### ACTIVITY:
Print nothing but the lines below starting at the line that holds "2 Bedroom Property" and ending at the line that holds "J048] 10�Z�b�g ��������", including both, each exactly as written.

### DATA SUPPLIED:
=== Section Start ===
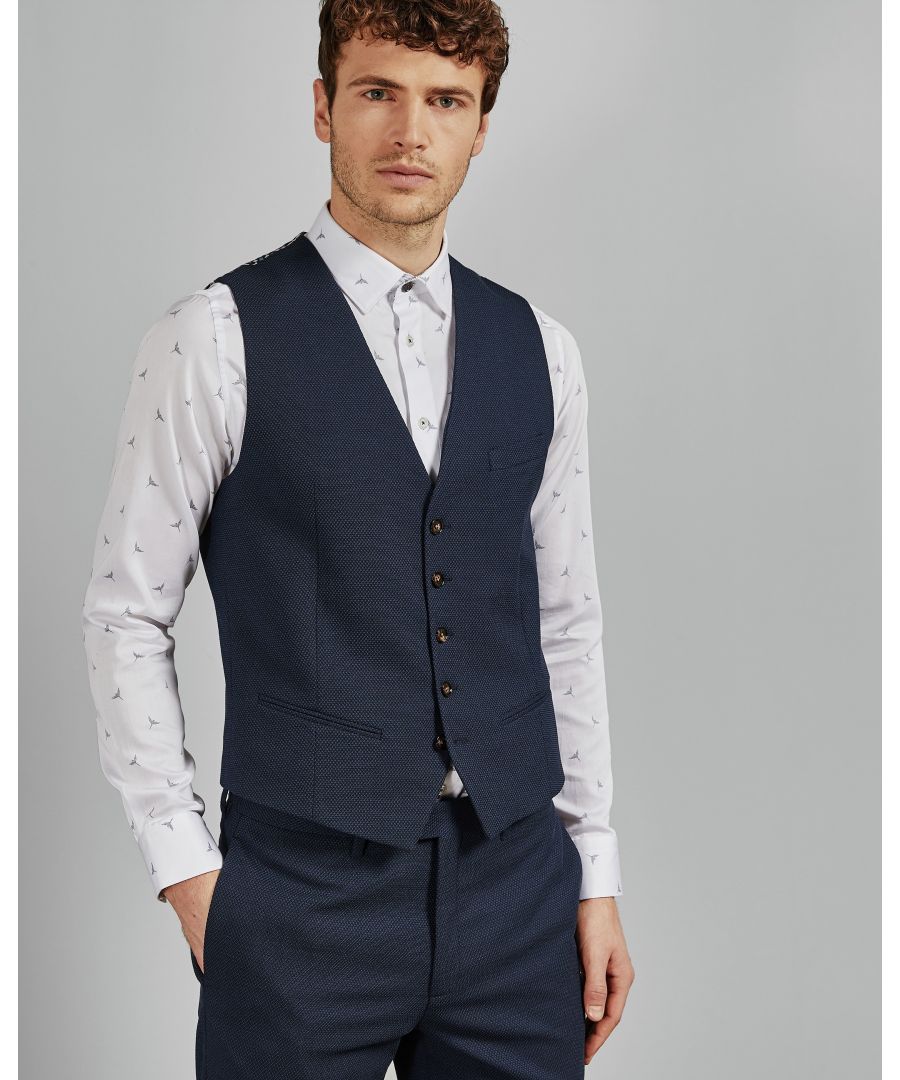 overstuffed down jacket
=== Section End ===
=== Section Start ===
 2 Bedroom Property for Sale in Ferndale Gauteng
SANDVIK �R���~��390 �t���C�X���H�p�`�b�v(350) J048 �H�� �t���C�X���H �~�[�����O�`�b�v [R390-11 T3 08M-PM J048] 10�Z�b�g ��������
=== Section End ===
=== Section Start ===
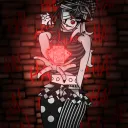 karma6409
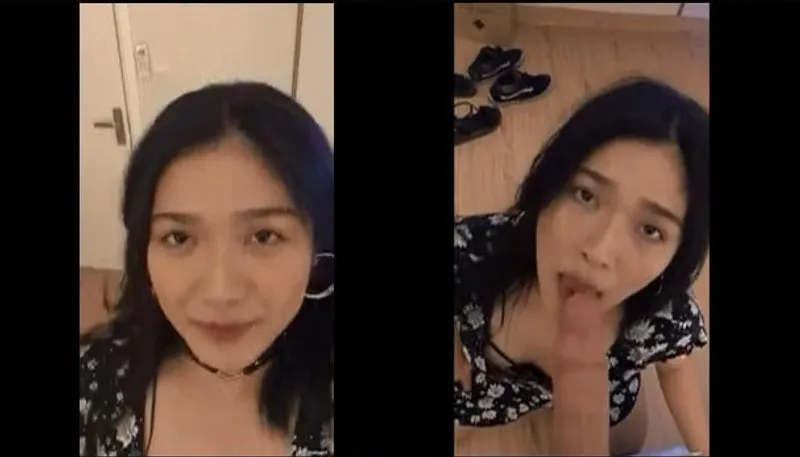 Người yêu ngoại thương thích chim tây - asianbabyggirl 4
=== Section End ===
### RESPONSE TO THIS EXERCISE:
 2 Bedroom Property for Sale in Ferndale Gauteng
SANDVIK �R���~��390 �t���C�X���H�p�`�b�v(350) J048 �H�� �t���C�X���H �~�[�����O�`�b�v [R390-11 T3 08M-PM J048] 10�Z�b�g ��������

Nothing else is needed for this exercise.